Psikolog Respons Aturan Baru RI Batasi Medsos Buat Anak
Jakarta, CNBC Indonesia - Sejumlah negara diketahui menerbitkan aturan soal pembatasan usia menggunakan media sosial. Salah satunya adalah Indonesia yang menerbitkan Peraturan Pemerintah (PP) Nomor 17 Tahun 2025 tentang Tata Kelola Penyelenggaraan Sistem Elektronik dalam Perlindungan Anak (PP Tunas) pada Maret lalu.
Aturan itu mengelompokkan akses konten berdasarkan usia.
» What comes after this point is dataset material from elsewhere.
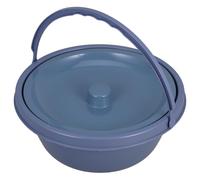 HOLIDYOYO Portable Plastic Commode for Elderly with No Burr and Wear-Resistant Round Design, Suitable for Adults and Grandparents a Practical Chamber Pot for Bathroom Safety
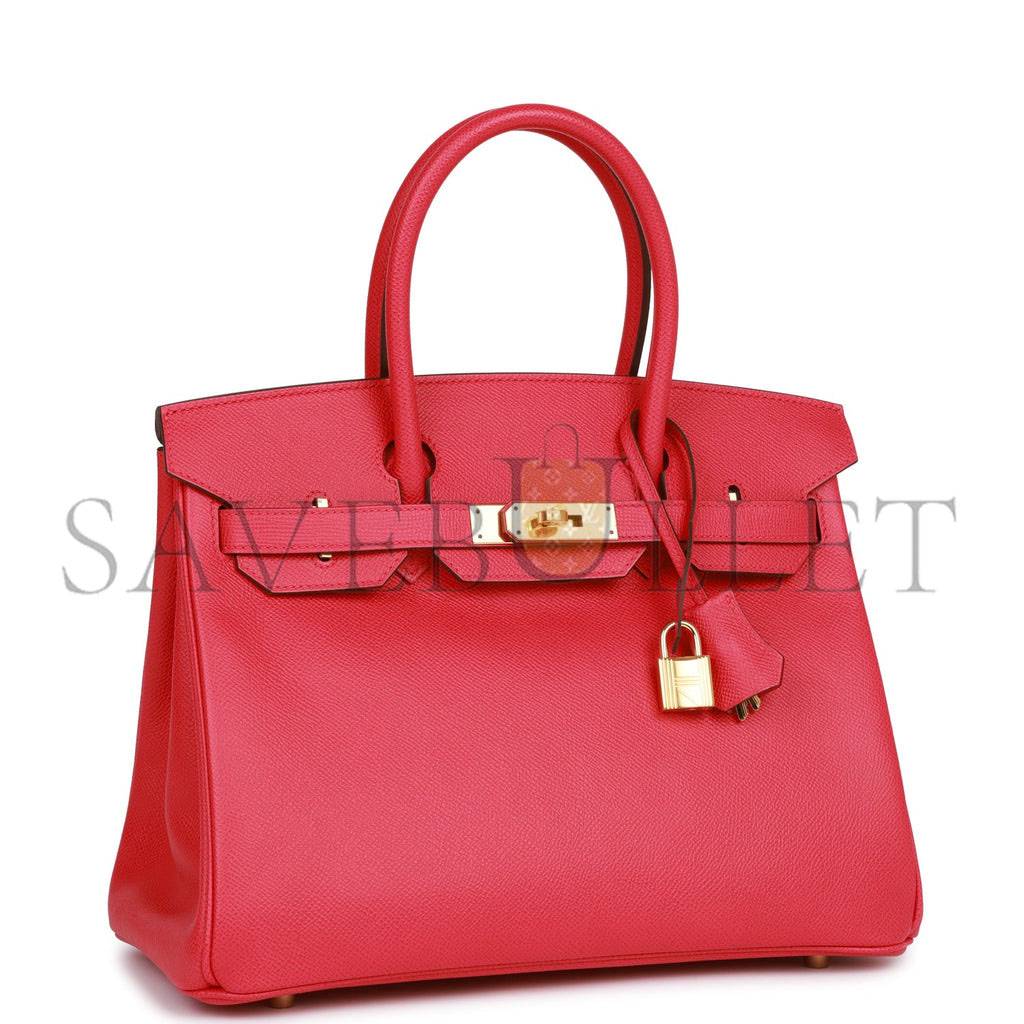 H**mes birkin 30 rose extreme epsom gold hardware (30cm)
Misalnya di bawah 13 tahun hanya boleh mengakses platform yang aman seperti edukasi atau platform anak.
Usia 13-15 tahun bisa mengakses platform yang dinilai berisiko rendah hingga sedang, sementara 16-17 tahun bisa menggunakan platform berisiko tinggi dengan pengawasan orang orang tua. Terakhir remaja berusia 18 tahun ke atas boleh mengakses seluruh platform secara independen.
Terkait aturan pembatasan usia penggunaan media sosial, Psikolog dan Ketua Bidang E (Humas, Media, dan Edukasi Masyarakat), Samanta Elsener mengatakan sebagai psikolog mendukung hal tersebut. Karena tidak ingin anak-anak terpapar konten negatif yang pada akhirnya membahayakan.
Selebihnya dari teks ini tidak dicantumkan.